■ **Brief**: Each record that follows is to be duplicated exactly, though its pictures are not.

Saved entries:
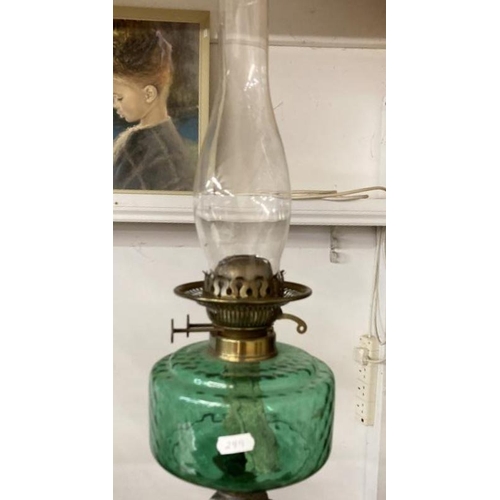 1137 - A Victorian oil lamp with green glass shade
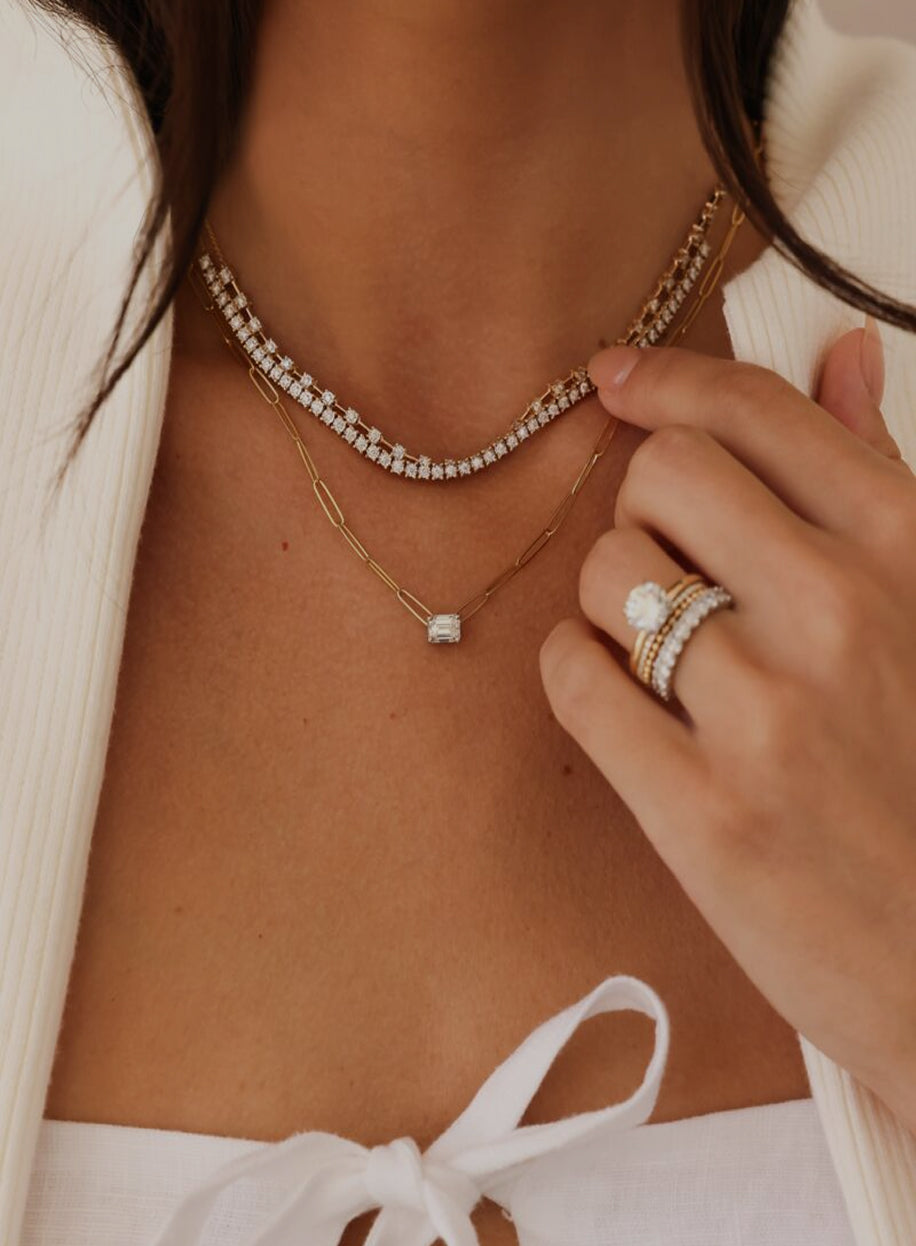 Close-up of a person wearing gold and diamond necklaces and rings.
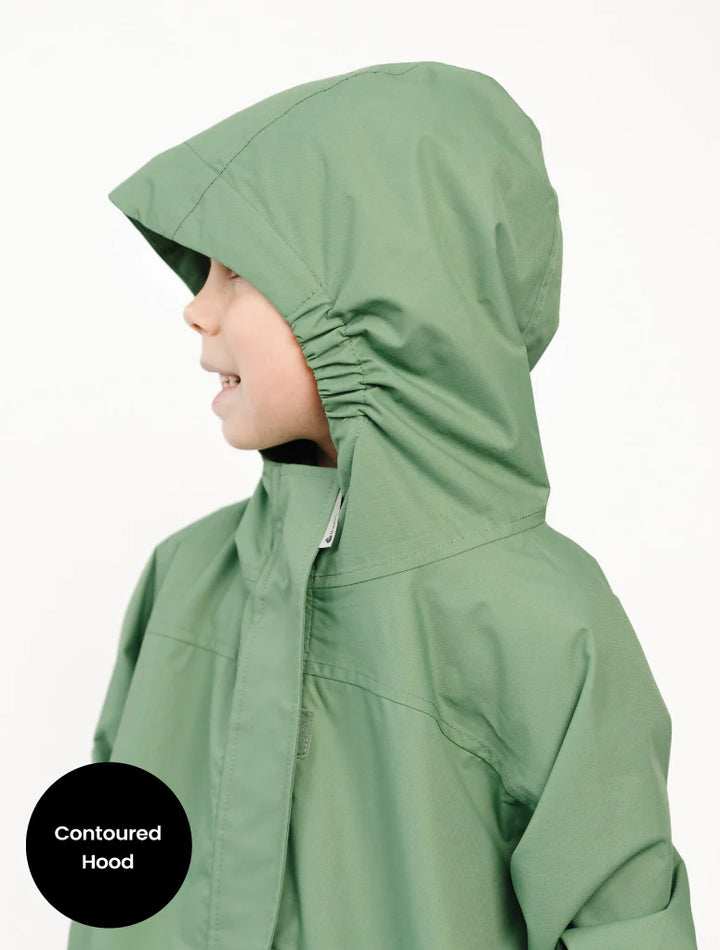 Child wearing a green raincoat with a contoured hood on a white background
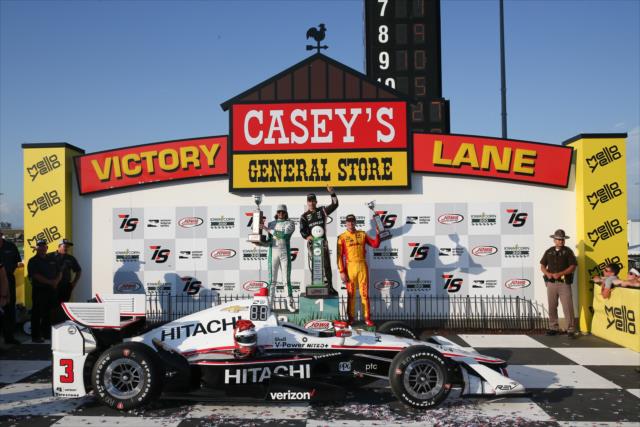 The podium of Helio Castroneves, JR Hildebrand, and Ryan Hunter-Reay hoist their trophies in Victory Circle following the Iowa Corn 300 -- Photo by: Joe Skibinski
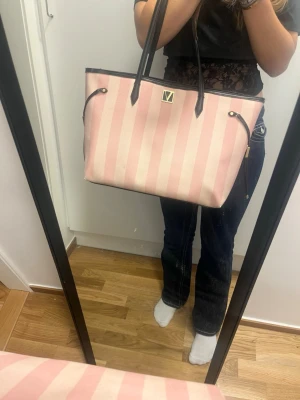Victoria Secret Rosa randig tote handväska - Snygg rosa och ljusrosa randig tote handväska med svarta handtag och detaljer. Väskan har en rektangulär form och ett metallmärke framtill. Perfekt storlek för att få plats med allt du behöver. Materialet ser ut att vara slitstark textil.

■ **Solution to the exercise**:
 1137 - A Victorian oil lamp with green glass shade
 Close-up of a person wearing gold and diamond necklaces and rings.
 Child wearing a green raincoat with a contoured hood on a white background
 The podium of Helio Castroneves, JR Hildebrand, and Ryan Hunter-Reay hoist their trophies in Victory Circle following the Iowa Corn 300 -- Photo by: Joe Skibinski
Victoria Secret Rosa randig tote handväska - Snygg rosa och ljusrosa randig tote handväska med svarta handtag och detaljer. Väskan har en rektangulär form och ett metallmärke framtill. Perfekt storlek för att få plats med allt du behöver. Materialet ser ut att vara slitstark textil.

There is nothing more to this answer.